The two-day visit of North Korea's Kim Kye-gang to the US is showing results.
North Korea did send a signal that these talks had borne fruit beyond the
simple exposition of positions. Kim Jong-il's government offered to help find
and reclaim and repatriate the remains of US troops fallen in North Korea
during the Korean War. Now, the Obama administration has responded by offering
$900,000 in aid. Is a new dynamic at work? Only time will tell.

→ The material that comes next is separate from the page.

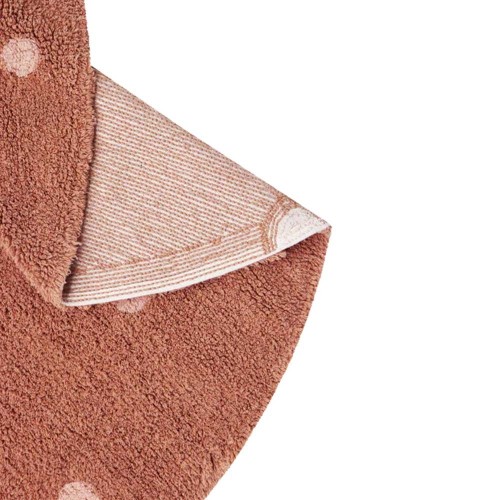 Dot Châtaigne washable round rug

Nakamura Junzo Guam (Aug 22, '11)
[Re Dangerous games,
Aug 19] Kim Chol has deliberately misquoted this writer in his article when he
states that I accused President Obama of desiring to make war on Korea. I did
NOT. I did say President Obama is waging war in six countries at once:
Afghanistan, Iraq, Pakistan, Yemen, Libya and Sudan and I did NOT include
Korea.
To drop one of those countries out of the group and insert Korea has got to be
a deliberate falsehood. If the writer lies deliberately, Asia Times should
point this out to its readers on its website and withdraw the article.
This could not have happened by accident. To further give weight to this
charge, Kim Chol brings up my former connection with Reuters. Readers should
know I was a workplace contributor to Reuters and never wrote a word about
foreign policy. It is totally misleading to build up my credentials as some
kind of expert on the subject of war with Korea when I am not.
Sherwood Ross (Aug 22, '11)
The recent attack on the British "cultural relations" agency in Kabul has once
again demonstrated that the Taliban own, possess and shall dictate for the
foreseeable future the destiny and fate of Afghanistan.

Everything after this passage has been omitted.